Bob Bostad

Current position
- Title: Offensive line coach & run game coordinator
- Team: Indiana
- Conference: Big Ten

Biographical details
- Born: September 7, 1966 (age 59) Pardeeville, Wisconsin, U.S.

Playing career
- 1986–1989: Wisconsin–Stevens Point
- Position: Linebacker

Coaching career (HC unless noted)
- 1990–1991: Wisconsin–Stevens Point (OL)
- 1992–1994: Minnesota (GA)
- 1995–1996: Cal State Northridge (OL)
- 1997: San Jose State (OL)
- 1998: San Jose State (co-OC/OL)
- 1999–2005: New Mexico (OL)
- 2006–2007: Wisconsin (RGC/TE)
- 2008–2011: Wisconsin (RGC/OL)
- 2012–2013: Tampa Bay Buccaneers (OL)
- 2014–2015: Tennessee Titans (OL)
- 2016: Northern Illinois (TE/FB)
- 2017–2021: Wisconsin (ILB)
- 2022: Wisconsin (OL)
- 2023–present: Indiana (RGC/OL)

= Bob Bostad =

American football player and coach (born 1966)

Bob Bostad (born September 7, 1966) is the run game coordinator and offensive line coach for Indiana University.

==Education==
Bostad graduated from the University of Wisconsin-Stevens Point in 1989 with a degree in Physical Education.
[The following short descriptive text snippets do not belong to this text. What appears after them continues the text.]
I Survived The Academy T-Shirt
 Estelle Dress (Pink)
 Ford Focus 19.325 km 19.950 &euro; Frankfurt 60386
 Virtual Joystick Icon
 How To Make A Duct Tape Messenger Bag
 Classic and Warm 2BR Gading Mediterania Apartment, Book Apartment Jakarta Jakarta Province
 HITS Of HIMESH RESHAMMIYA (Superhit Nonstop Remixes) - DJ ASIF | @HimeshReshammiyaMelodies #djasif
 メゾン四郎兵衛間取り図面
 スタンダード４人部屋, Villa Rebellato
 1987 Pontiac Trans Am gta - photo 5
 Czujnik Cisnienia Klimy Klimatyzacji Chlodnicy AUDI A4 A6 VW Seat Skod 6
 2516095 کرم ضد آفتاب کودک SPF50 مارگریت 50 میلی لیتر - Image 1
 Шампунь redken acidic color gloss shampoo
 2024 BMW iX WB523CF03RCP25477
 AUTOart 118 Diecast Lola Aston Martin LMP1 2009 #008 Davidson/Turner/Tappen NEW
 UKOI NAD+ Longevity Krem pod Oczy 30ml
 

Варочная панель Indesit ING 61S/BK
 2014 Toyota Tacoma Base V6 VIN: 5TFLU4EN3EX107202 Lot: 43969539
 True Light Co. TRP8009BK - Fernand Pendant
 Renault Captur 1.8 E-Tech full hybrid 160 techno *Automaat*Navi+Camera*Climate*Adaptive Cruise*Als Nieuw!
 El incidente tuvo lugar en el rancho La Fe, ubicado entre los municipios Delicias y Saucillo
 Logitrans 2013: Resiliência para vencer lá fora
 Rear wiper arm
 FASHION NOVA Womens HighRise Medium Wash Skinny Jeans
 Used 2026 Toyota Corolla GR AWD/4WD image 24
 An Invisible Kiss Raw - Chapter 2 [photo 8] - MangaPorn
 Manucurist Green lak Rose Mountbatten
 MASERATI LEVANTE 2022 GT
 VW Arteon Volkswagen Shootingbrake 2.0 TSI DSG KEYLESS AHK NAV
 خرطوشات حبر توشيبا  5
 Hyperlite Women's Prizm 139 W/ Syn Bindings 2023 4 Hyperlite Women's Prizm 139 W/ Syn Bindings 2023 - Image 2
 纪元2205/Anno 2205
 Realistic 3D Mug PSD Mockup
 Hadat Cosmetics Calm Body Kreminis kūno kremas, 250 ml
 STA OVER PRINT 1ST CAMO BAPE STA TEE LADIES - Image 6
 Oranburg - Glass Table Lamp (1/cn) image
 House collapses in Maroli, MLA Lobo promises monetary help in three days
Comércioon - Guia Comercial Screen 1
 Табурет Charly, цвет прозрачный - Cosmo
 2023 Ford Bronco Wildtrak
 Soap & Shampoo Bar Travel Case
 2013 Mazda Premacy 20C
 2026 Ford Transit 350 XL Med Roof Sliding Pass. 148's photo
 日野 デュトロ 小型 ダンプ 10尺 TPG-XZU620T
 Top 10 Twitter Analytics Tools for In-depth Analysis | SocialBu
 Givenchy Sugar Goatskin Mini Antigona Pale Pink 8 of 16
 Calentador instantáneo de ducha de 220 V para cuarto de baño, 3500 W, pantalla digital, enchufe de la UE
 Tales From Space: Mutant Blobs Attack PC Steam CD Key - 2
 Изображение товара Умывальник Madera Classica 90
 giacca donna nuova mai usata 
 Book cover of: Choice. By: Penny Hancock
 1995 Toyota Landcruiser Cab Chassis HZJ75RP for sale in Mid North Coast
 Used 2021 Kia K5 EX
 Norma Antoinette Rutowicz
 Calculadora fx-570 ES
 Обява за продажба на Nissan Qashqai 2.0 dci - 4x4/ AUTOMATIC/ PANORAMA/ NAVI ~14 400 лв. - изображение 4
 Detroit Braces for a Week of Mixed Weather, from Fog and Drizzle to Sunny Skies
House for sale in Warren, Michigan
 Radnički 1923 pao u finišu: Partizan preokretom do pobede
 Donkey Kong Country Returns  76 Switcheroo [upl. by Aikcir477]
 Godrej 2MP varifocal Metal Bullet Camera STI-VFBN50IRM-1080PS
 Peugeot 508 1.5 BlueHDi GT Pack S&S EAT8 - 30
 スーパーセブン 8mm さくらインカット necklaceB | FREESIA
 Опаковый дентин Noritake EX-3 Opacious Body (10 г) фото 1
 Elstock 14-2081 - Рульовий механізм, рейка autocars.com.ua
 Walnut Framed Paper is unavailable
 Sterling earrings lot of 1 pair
In 1994, he received his master's degree in Kinesiology from the University of Minnesota.

==Coaching career==
Bostad's first coaching job was as Offensive Line Coach at the University of Wisconsin-Stevens Point from 1990 to 1991. From there he served in the same position at California State University, Northridge before becoming a graduate assistant at the University of Minnesota. He served as Offensive Line Coach and offensive coordinator of the San Jose State Spartans and offensive line Coach of the New Mexico Lobos from 1999 to 2005. Bostad served as the Tight Ends Coach, Offensive Line Coach, and Running Game Coordinator for the Wisconsin Badgers from 2006–2011. Bostad briefly served as the offensive coordinator at the University of Pittsburgh before taking the position of offensive line coach for the Tampa Bay Buccaneers in February 2012. He then spent two seasons coaching with Tampa Bay and two seasons coaching with the Tennessee Titans. He most recently was tight ends and fullbacks coach at Northern Illinois in 2016, before taking the job as inside linebackers coach with the Badgers in February 2017.

In December of 2022, Bostad accepted the offensive line coach job at Indiana.

==Personal life==
Bostad is a native of Pardeeville, Wisconsin. He has three daughters: Rachel, Bryn and Annika, and a son, John.